The team of engineers also created a special 3D printer ink infused with tiny magnetic particles. For the printing, they attached an electromagnet around the nozzle of a 3D printer so that the ink would flow in a single orientation. It also allowed them to precisely print targeted sections of the soft structures, which gave them the specific magnetic orientation that would react to an external magnetic field.

Through the magnetic ink and precise printing, the engineers were able to control the structures to assume forms or change shapes in seconds. The formation assumed by every structure depends on the distance and direction of the external magnetic field.

“We think in biomedicine this technique will find promising applications,” said Xuanhe Zhao, a professor at the department of mechanical engineering and department of civil environmental engineering at MIT.

The structures can be categorized as soft actuated devices -- moldable components designed to change their shape and move around using different mechanical means. One example is the hydrogel device that swells when exposed to a certain degree of temperature or pH level.

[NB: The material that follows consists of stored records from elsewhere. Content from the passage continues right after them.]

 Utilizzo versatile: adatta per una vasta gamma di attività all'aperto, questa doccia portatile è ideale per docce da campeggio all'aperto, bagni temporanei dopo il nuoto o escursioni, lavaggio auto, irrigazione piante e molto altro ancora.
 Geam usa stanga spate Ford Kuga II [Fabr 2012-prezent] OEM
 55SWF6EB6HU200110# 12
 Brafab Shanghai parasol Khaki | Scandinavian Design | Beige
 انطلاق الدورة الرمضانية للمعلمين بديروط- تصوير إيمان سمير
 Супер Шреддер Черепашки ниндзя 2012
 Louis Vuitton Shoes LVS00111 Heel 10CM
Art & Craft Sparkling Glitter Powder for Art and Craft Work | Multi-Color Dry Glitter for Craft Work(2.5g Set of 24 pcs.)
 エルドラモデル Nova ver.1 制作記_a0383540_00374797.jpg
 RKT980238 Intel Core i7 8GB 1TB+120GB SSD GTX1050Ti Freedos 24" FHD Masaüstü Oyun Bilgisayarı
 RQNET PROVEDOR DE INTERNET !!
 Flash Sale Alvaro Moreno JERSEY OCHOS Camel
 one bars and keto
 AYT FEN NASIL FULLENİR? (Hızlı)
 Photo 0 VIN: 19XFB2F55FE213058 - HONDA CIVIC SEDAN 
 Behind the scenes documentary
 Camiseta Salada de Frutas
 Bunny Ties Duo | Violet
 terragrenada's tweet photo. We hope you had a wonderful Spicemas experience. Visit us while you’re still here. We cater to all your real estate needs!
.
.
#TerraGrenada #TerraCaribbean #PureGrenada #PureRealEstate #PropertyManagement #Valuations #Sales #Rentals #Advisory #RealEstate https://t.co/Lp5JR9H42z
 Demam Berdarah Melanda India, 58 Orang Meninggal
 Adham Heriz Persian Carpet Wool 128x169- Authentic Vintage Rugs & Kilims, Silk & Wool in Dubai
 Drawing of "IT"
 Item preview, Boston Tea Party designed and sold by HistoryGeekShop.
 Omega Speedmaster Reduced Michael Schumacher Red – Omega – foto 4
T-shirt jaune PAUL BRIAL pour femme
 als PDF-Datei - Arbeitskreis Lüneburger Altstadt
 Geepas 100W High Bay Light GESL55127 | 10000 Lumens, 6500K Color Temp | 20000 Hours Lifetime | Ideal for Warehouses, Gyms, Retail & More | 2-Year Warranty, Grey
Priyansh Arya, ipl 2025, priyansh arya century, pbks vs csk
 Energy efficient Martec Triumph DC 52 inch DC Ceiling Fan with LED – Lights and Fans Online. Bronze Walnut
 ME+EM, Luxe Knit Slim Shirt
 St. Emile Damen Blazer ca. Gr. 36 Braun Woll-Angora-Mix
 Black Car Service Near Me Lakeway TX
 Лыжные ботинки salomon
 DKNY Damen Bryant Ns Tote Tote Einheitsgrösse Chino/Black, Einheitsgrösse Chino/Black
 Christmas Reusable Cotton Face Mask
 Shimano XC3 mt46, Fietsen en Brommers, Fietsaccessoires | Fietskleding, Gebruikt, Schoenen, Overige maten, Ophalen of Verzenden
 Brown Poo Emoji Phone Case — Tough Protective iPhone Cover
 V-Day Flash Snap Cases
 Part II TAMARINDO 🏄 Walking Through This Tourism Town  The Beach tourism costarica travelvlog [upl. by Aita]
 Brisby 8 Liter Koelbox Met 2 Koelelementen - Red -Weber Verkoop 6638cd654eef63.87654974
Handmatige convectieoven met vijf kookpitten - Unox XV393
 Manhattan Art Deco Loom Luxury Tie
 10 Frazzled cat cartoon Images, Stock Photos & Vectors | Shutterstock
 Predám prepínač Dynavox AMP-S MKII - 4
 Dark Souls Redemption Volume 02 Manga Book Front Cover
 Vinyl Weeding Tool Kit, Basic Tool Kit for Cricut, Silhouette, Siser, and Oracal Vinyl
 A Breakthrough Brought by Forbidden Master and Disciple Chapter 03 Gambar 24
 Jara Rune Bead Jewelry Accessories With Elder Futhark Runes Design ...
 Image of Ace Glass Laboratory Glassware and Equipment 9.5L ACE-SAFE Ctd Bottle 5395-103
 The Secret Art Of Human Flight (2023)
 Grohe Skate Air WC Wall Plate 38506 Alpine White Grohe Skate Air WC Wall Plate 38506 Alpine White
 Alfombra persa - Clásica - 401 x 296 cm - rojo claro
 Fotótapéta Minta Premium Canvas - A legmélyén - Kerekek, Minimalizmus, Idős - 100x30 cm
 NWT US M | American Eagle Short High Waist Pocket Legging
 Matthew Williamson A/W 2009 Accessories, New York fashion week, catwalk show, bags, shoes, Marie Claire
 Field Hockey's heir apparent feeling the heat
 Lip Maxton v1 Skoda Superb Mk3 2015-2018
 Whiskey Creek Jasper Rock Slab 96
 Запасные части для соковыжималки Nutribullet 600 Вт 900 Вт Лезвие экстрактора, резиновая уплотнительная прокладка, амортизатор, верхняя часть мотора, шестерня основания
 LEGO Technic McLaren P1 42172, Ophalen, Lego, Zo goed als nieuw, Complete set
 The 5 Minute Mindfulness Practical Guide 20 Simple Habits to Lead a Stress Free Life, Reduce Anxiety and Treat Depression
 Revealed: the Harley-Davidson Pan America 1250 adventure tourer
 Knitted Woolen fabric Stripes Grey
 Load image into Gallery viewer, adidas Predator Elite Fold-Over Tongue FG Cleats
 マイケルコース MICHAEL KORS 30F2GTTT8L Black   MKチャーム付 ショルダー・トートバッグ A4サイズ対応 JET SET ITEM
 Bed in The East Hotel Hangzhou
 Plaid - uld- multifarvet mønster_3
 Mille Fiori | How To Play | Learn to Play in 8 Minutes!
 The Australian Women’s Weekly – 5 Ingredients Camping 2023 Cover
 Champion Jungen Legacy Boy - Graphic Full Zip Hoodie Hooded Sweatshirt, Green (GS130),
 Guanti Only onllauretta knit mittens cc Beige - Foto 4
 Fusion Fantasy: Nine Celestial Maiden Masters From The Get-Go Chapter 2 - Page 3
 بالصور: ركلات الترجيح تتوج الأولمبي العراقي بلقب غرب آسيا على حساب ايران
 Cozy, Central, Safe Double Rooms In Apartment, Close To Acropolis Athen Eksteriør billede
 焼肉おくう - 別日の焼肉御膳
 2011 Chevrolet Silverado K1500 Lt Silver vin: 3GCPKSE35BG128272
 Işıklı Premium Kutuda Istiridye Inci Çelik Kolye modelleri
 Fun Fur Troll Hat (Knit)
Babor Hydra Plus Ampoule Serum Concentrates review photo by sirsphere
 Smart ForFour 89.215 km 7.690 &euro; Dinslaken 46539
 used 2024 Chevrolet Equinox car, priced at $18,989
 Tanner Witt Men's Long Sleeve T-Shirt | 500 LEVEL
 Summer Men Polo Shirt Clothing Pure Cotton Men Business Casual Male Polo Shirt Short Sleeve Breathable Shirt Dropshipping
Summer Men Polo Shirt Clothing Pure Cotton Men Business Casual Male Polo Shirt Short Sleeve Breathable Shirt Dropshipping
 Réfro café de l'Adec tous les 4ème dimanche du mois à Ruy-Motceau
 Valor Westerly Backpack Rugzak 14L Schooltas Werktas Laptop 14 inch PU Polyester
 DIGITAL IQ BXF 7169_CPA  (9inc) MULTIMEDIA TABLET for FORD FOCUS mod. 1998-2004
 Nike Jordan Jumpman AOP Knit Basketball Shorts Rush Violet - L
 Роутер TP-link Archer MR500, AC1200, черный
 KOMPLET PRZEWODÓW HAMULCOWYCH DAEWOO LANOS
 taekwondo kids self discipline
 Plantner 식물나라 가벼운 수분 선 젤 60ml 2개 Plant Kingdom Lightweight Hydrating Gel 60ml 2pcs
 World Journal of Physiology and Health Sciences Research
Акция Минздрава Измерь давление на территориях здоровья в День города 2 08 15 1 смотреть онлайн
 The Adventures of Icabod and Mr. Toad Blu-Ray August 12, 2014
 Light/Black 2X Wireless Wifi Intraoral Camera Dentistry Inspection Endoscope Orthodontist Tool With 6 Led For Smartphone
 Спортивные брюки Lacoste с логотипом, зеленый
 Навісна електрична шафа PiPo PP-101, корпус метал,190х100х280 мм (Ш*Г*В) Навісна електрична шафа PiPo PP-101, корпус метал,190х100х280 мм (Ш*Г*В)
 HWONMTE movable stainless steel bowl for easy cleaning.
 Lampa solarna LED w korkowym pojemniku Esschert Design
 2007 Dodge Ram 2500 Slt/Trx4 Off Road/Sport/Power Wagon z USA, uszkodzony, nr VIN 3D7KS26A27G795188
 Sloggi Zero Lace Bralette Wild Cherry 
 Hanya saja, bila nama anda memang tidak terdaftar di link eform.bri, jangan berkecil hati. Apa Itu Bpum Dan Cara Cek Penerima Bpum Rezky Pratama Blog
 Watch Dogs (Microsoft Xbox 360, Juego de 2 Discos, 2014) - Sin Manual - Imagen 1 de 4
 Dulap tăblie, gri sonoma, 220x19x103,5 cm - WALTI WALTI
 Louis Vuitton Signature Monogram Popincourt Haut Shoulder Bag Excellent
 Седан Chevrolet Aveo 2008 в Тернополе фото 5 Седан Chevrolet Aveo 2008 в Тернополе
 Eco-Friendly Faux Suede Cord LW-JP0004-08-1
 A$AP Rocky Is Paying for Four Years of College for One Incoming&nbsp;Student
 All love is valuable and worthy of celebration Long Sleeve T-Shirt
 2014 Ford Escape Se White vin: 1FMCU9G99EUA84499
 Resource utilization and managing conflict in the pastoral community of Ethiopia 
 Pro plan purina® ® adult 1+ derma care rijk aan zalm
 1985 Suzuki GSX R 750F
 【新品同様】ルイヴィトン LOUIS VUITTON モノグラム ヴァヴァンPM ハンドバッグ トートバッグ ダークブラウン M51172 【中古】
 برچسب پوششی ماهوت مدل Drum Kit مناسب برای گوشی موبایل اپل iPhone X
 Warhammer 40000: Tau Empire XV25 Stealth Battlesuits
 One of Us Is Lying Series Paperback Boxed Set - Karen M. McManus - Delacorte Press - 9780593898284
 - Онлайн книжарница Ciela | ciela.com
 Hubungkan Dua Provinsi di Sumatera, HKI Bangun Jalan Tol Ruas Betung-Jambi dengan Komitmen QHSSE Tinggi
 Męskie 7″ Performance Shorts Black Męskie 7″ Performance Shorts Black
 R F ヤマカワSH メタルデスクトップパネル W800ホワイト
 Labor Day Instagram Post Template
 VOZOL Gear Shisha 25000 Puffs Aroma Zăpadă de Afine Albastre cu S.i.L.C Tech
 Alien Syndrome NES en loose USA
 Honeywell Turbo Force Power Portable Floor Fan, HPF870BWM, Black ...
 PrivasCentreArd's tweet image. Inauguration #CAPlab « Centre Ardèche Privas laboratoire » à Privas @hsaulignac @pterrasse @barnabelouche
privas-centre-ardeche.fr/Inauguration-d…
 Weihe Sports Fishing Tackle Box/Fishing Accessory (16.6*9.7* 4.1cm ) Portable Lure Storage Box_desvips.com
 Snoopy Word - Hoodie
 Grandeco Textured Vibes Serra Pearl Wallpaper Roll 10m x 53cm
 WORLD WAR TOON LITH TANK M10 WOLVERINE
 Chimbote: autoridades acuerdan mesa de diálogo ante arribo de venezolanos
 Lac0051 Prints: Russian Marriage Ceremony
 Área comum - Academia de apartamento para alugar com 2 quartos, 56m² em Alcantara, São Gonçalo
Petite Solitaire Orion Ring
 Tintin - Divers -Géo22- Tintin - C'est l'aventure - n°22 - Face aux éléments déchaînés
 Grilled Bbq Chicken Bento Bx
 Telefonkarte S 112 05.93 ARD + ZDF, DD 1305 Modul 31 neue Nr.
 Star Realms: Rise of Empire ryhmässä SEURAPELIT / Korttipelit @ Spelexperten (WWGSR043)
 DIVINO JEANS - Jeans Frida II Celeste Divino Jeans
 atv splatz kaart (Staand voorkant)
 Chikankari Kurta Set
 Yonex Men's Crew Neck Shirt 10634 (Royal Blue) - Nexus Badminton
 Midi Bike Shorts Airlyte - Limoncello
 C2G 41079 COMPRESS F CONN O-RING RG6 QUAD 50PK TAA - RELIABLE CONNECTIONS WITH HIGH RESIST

But unlike hydrogels or polymers, the magnetic structures can respond to its controller quickly and can assume shapes rapidly. Also, the magnetic-powered devices enable controllers to manipulate them remotely.

“With this technology reported in this paper, one can apply a magnetic field outside the human body, without using any wiring. Because of its fast responsive speed, the soft robot can fulfill many actions in a short time. These are important for practical applications,” explained Jerry Qi, professor of mechanical engineering at Georgia Tech.